> [YOUR ASSIGNMENT]: In the listing below, a line holding "Детская футболка 3D Valheim символ черепа" and a line holding "Microscope Workbench Graphic" mark the range. Retype both exactly, with all lines between them.

> [AVAILABLE RECORDS]:
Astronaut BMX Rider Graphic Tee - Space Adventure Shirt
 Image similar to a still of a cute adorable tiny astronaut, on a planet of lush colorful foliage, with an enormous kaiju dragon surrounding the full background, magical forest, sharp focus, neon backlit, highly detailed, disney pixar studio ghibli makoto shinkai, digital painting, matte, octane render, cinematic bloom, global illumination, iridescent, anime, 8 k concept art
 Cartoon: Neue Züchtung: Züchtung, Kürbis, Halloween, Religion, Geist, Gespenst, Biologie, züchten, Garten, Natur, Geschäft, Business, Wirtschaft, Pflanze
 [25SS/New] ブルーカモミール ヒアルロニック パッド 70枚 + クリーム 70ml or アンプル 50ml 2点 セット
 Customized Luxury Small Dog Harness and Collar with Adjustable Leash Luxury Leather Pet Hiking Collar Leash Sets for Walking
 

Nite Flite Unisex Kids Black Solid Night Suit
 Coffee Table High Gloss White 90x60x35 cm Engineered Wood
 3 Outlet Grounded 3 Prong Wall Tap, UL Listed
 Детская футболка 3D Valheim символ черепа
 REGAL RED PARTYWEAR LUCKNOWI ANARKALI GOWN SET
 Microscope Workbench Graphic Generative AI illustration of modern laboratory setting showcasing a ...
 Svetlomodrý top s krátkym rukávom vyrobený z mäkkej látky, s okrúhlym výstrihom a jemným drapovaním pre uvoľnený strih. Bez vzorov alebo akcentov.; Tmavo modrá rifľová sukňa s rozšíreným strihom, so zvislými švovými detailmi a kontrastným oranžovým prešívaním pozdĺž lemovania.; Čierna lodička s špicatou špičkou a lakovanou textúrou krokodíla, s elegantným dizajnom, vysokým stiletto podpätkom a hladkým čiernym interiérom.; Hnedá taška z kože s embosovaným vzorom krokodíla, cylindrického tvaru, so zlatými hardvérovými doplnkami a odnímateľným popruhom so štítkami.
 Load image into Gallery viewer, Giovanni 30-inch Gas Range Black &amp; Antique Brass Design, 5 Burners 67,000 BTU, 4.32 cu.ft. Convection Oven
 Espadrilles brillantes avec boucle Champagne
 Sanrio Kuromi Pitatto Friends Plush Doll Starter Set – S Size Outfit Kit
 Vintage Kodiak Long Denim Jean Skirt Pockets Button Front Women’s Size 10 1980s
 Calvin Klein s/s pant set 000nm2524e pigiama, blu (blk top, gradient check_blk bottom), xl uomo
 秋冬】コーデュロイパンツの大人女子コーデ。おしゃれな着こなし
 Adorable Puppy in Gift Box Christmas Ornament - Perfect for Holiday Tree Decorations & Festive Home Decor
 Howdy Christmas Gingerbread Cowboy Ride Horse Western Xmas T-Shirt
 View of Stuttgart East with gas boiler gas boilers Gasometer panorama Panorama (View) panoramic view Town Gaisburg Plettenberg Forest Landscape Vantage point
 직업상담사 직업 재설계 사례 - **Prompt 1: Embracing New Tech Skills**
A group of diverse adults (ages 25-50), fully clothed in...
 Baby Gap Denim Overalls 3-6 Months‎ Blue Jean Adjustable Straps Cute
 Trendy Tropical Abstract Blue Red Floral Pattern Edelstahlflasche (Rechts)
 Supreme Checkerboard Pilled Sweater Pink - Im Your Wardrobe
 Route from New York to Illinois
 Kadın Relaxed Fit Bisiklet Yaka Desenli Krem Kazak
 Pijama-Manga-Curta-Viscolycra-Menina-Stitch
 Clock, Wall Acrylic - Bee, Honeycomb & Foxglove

> [SOLUTION TO THE PROBLEM]:
 Детская футболка 3D Valheim символ черепа
 REGAL RED PARTYWEAR LUCKNOWI ANARKALI GOWN SET
 Microscope Workbench Graphic Generative AI illustration of modern laboratory setting showcasing a ...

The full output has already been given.